The good news is MITRE publishes the data in exactly that form, and ships an official library that hides most of the STIX awkwardness. The structure below is what we use in our internal tooling.
The Solution
Step 1 — Lay out the project
Three files plus a cache directory keep things tidy:
mitre_project/
├── config.py # paths, logging
├── loader.py # download and parse STIX
├── main.py # entry point
└── cache/
└── enterprise-attack.json
Step 2 — Centralise configuration and logging
Even a small script benefits from a logger. print() debugging stops scaling the moment you move beyond one file:
# config.py
import logging
from pathlib import Path
BASE_DIR = Path(__file__).resolve().parent
CACHE_DIR = BASE_DIR / 'cache'
CACHE_DIR.mkdir(exist_ok=True)
STIX_PATH = CACHE_DIR / 'enterprise-attack.json'
def setup_logging() -> None:
logging.basicConfig(
level=logging.INFO,
format='%(asctime)s %(name)s %(levelname)s %(message)s',
)
Step 3 — Download and cache the STIX feed
MITRE publishes the canonical files at raw.githubusercontent.com/mitre/cti. Cache locally; re-download on demand:
# loader.py
import json
import logging
import requests
from mitreattack.stix20 import MitreAttackData
from config import STIX_PATH
logger = logging.getLogger(__name__)
STIX_URL = ('https://raw.githubusercontent.com/mitre/cti/'
'master/enterprise-attack/enterprise-attack.json')
def fetch_stix(force: bool = False) -> None:
if STIX_PATH.exists() and not force:
logger.info('STIX cache present at %s', STIX_PATH)
return
logger.info('Downloading STIX from %s', STIX_URL)
resp = requests.get(STIX_URL, timeout=60)
resp.raise_for_status()
STIX_PATH.write_text(resp.text, encoding='utf-8')

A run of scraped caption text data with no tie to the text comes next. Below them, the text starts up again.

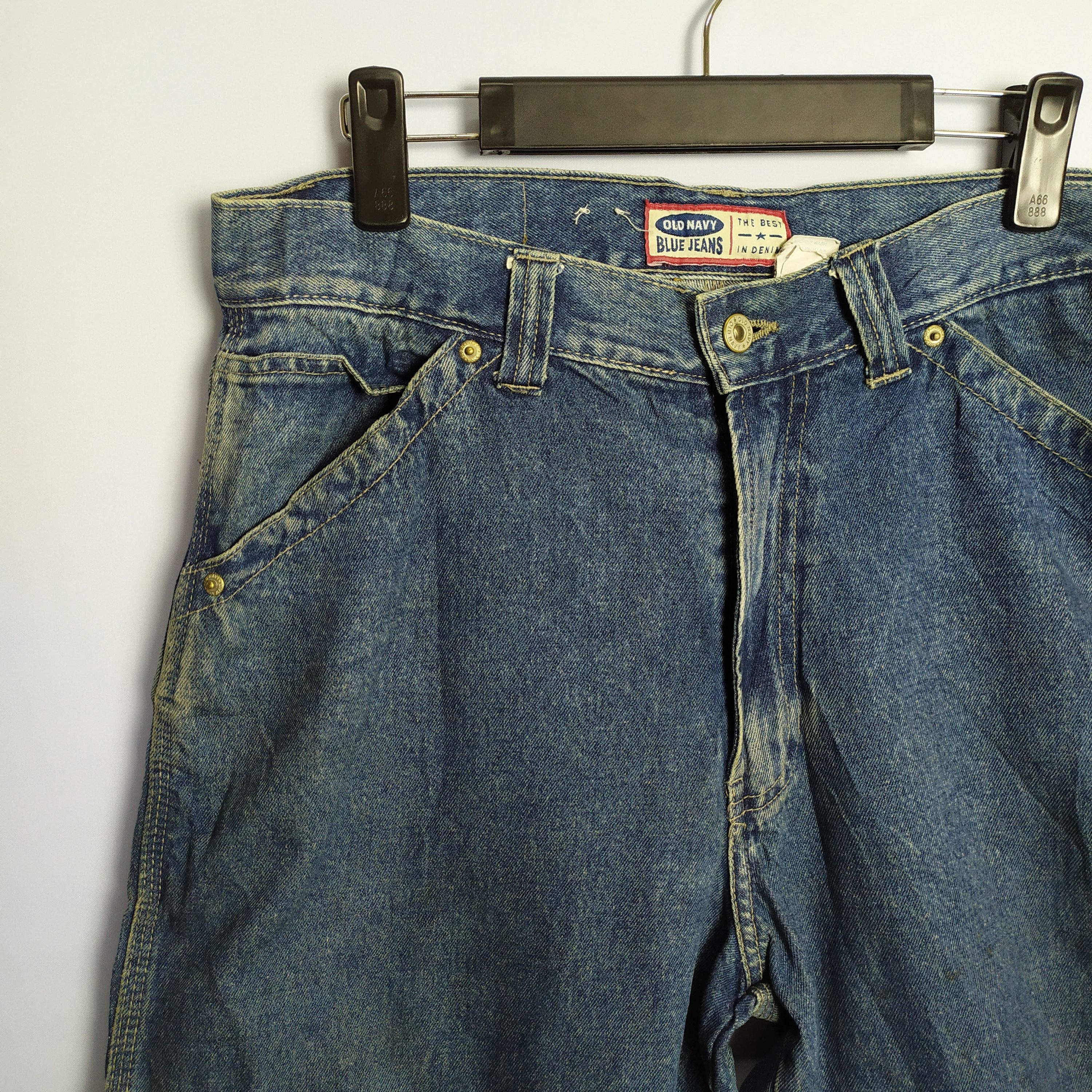 Japanese Brand VINTAGE JAPANESE FADED BLUE JEANS CARGO PANTS Size US 32 / EU 48 - 4 Thumbnail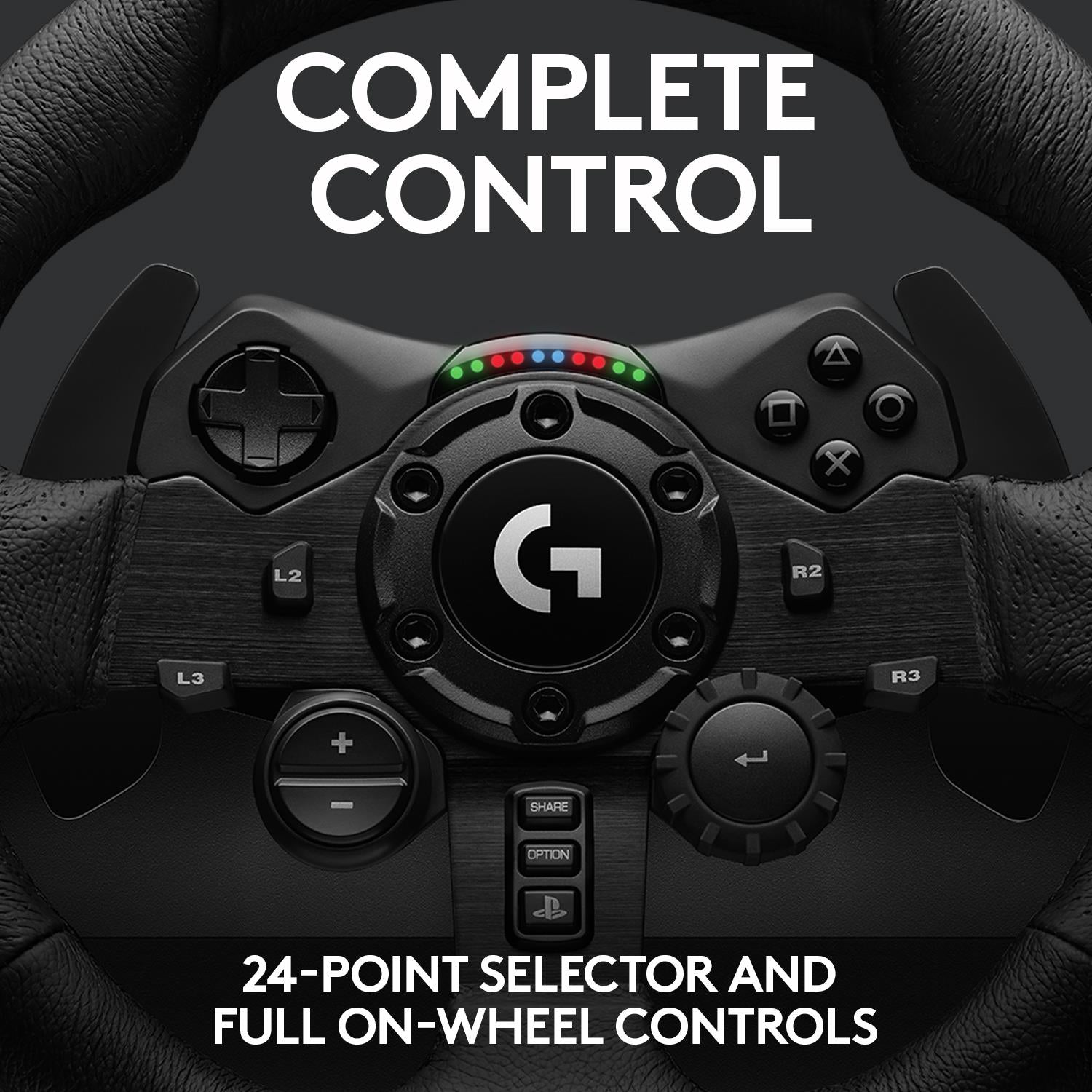 Logitech G923 TRUEFORCE Racing Wheel and Pedals for Playstation & PC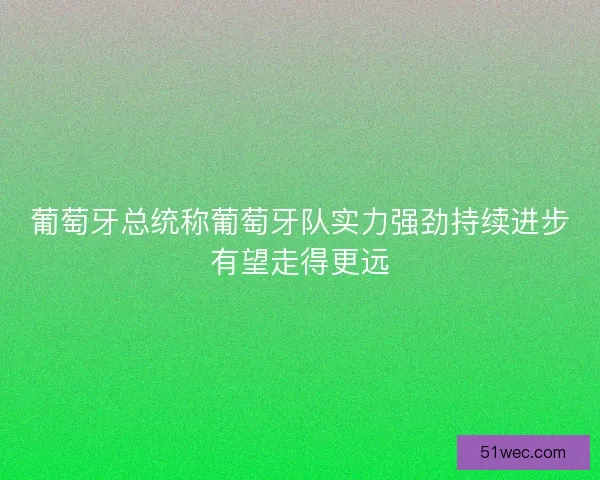 葡萄牙总统称葡萄牙队实力强劲持续进步有望走得更远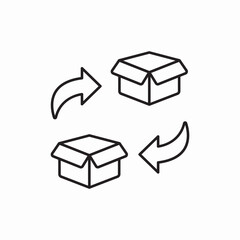 Shipping delivery service box icon vector sign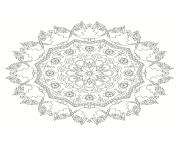 Coloriage mandala noel 10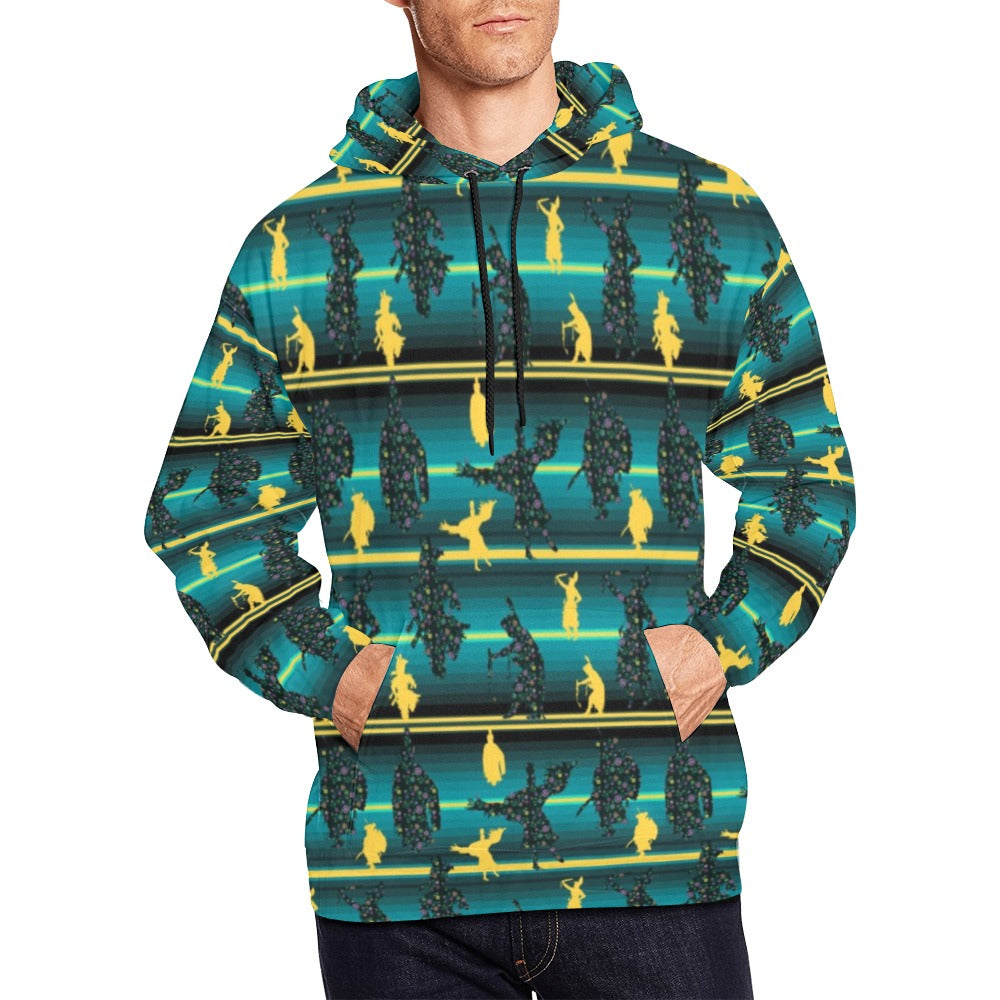 Dancers Inspire Green Hoodie for Men (USA Size)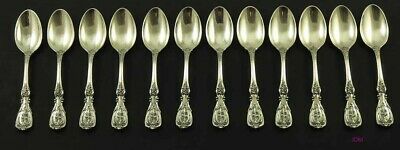 12 Sterling Silver Francis I Demitasse Spoons Heavy Weight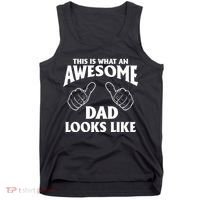 This is What an Awesome Dad Looks Like Tank Top thumb 0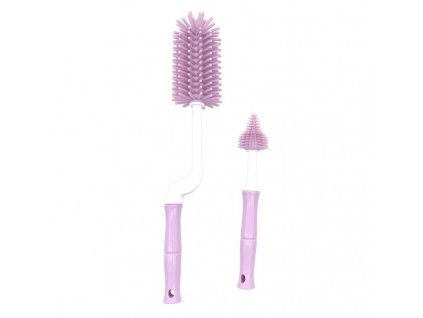 Súprava kefiek na fľaše Bo Jungle B-Bottle Brush Set – ružový variant Pink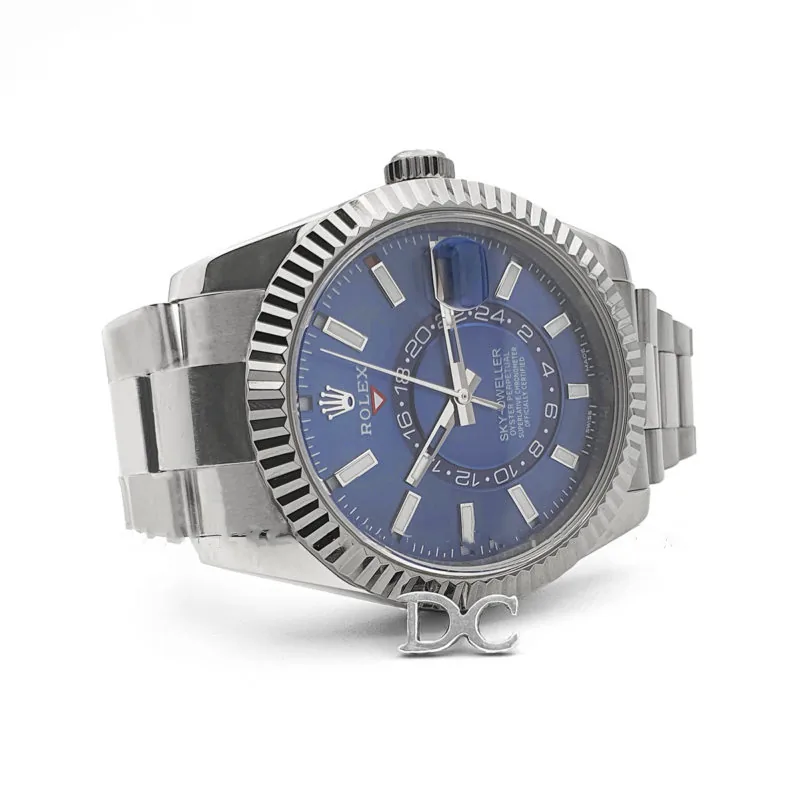 Sky-Dweller 326934 quadrante blu in oro bianco - immagine 2
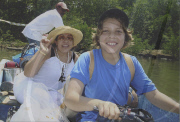 The most recent photo of Joseph Baena with mom Mildred Baena at an undisclosed location. 
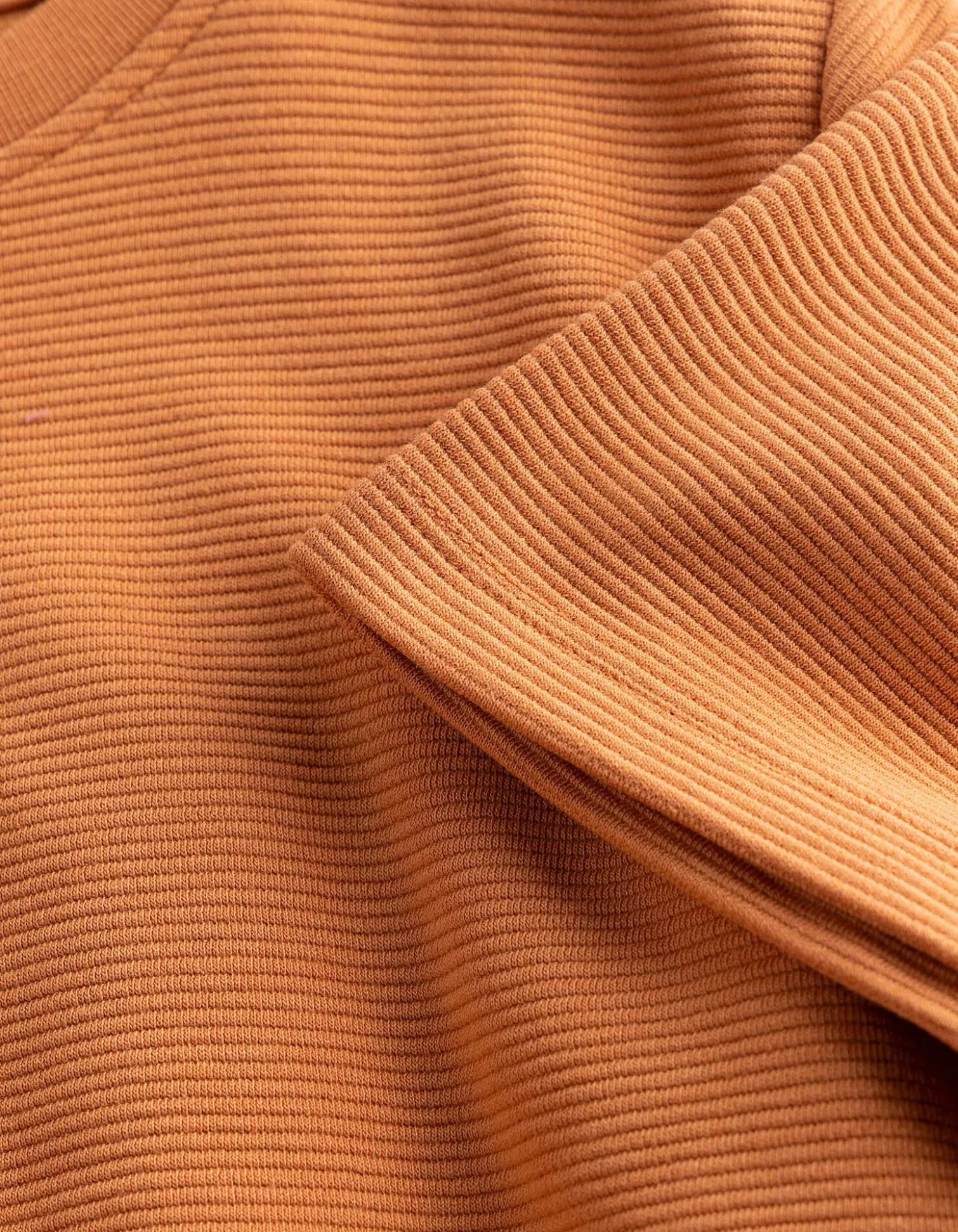 T-Shirt - Rundhals-Ausschnitt - orange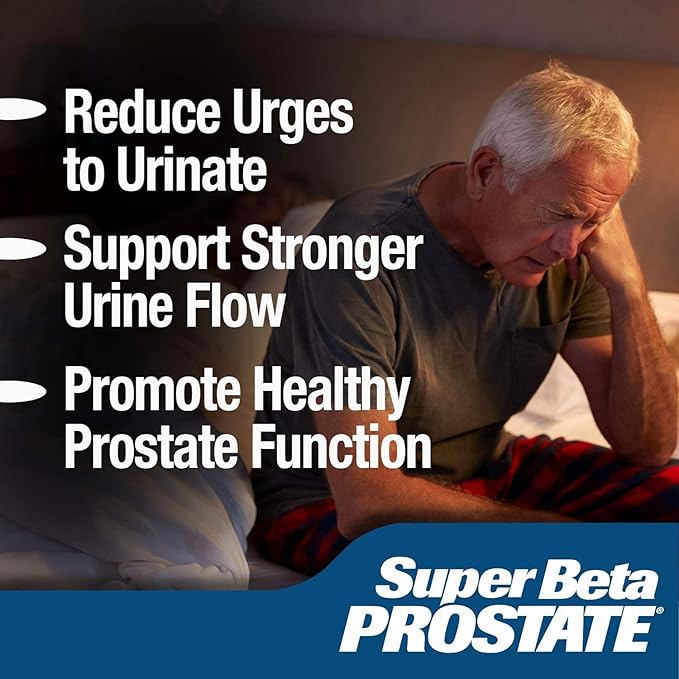 Support Supplement for Men's Health - Reduce Bathroom Trips, Promote Sleep, Better Bladder Emptying & Healthy Prostate, Beta Sitosterol (180ct, 3 Bottle)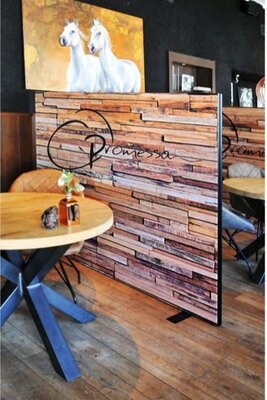 Safety Screen - Room Shield 2000 x 1500 mm + 2x doek Safety Screen - Room Shield 2000 x 1500 mm + 2x doek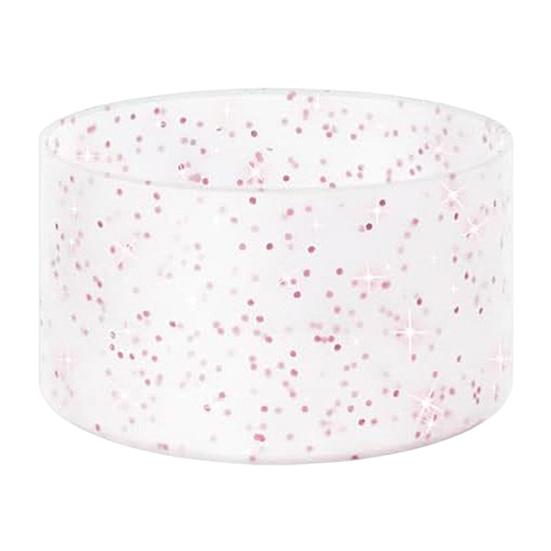 Silicone Cup Sleeve Glitter Anti-Slip Heat Insulation Cover Lightweight Water Bottle Pad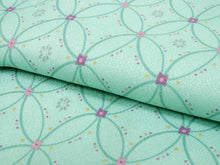 画像をギャラリービューアに読み込む, 洗える着物 コーディネートセット 袷 名古屋帯 正絹帯揚げ帯締め Lサイズ 4点セット 小紋 レディース 女性 青磁地 七宝柄 着物 薄桜鼠地 変わり横段縞柄 帯 帯あげ 帯〆 プレタ 和装 和服 きものセット 送料無料 あす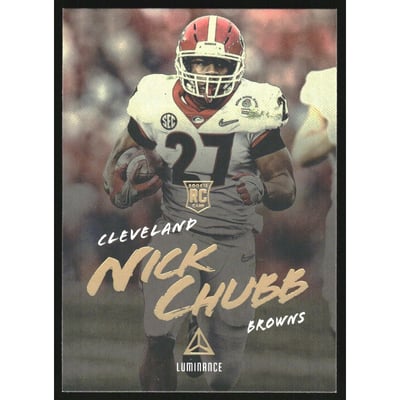 2018 Panini Luminance Gold #175 Nick Chubb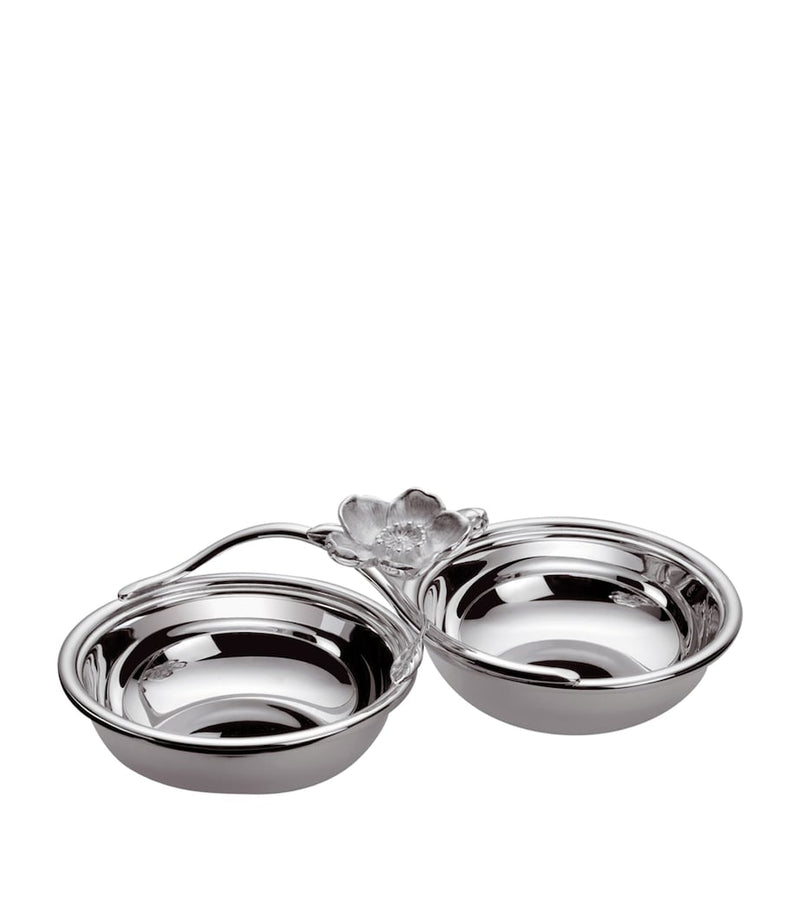 Christofle Anemone silver plate serving dish - British product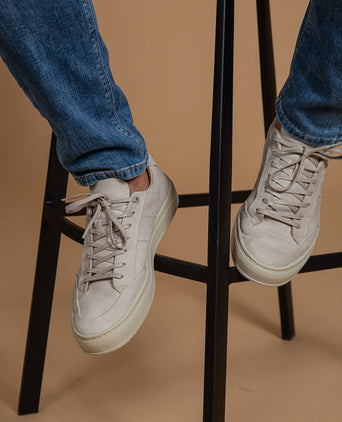 Nubuck skave sneaker beige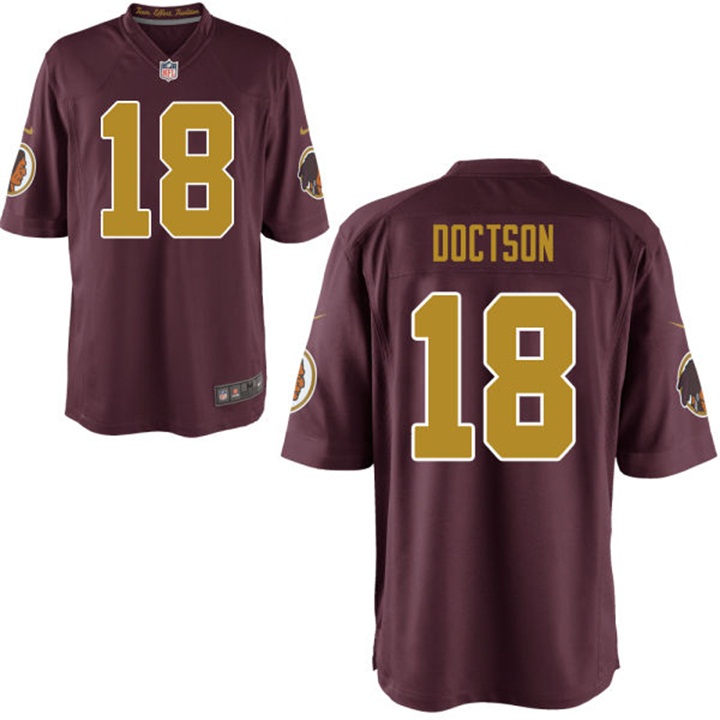 Washington Redskins #18 Josh Doctson Burgundy Alternate Game Jersey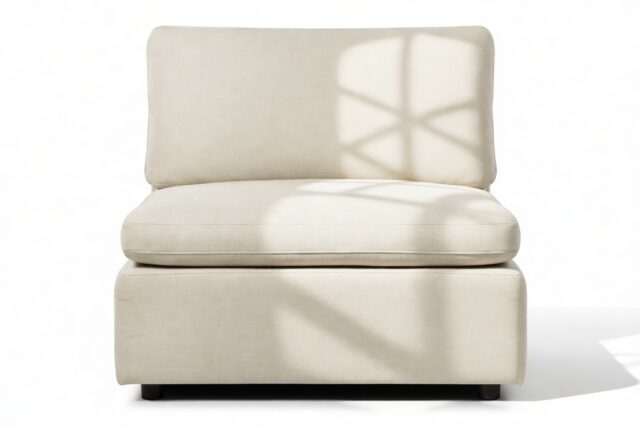 The Ciel – Oatmeal Brushed Weave, Armless Module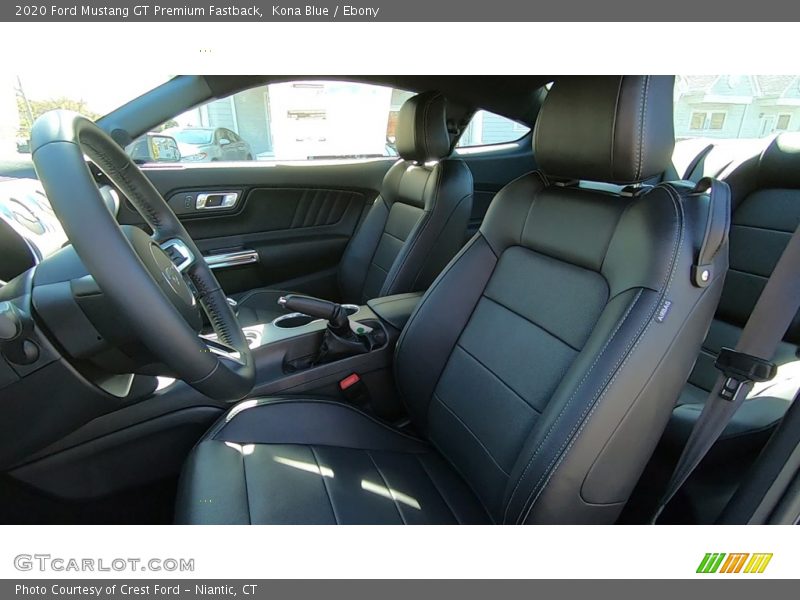 Kona Blue / Ebony 2020 Ford Mustang GT Premium Fastback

def load_attack() -> MitreAttackData:
fetch_stix()
return MitreAttackData(str(STIX_PATH))
Step 4 — Convert STIX objects to plain dictionaries
The library returns rich STIX objects that do not serialise to JSON cleanly. A short recursive helper handles the conversion once and for all:
def to_dict(obj):
if hasattr(obj, 'serialize'):
return json.loads(obj.serialize())
if isinstance(obj, dict):
return {k: to_dict(v) for k, v in obj.items()}
if isinstance(obj, list):
return [to_dict(i) for i in obj]
return obj
Step 5 — Pull techniques with their ATT&CK IDs
Techniques carry their human-readable ID (T1059.001) in external_references under the mitre-attack source. Extract that and you have a useful starting record:
def get_techniques(attack: MitreAttackData) -> list[dict]:
out = []
for tech in attack.get_techniques():
tid = None
refs = to_dict(getattr(tech, 'external_references', []))
for ref in refs:
if ref.get('source_name') == 'mitre-attack':
tid = ref.get('external_id')
break
if not tid:
continue
out.append({
'technique_id': tid,
'stix_id': tech.id,
'name': tech.name,
'description': tech.description,
'is_subtechnique': tech.x_mitre_is_subtechnique,
'platforms': list(getattr(tech, 'x_mitre_platforms', [])),
'external_references': refs,
})
return out
Groups and mitigations follow the same shape. The library exposes them via get_groups() and get_mitigations() respectively.
Step 6 — Wire it together
The entry point loads the data, dumps a structured summary, and serialises the result for downstream tools:
# main.py
import json
import logging
from config import setup_logging
from loader import load_attack, get_techniques, to_dict
def main():
setup_logging()
log = logging.getLogger('main')
attack = load_attack()
techniques = get_techniques(attack)
groups = [to_dict(g) for g in attack.get_groups()]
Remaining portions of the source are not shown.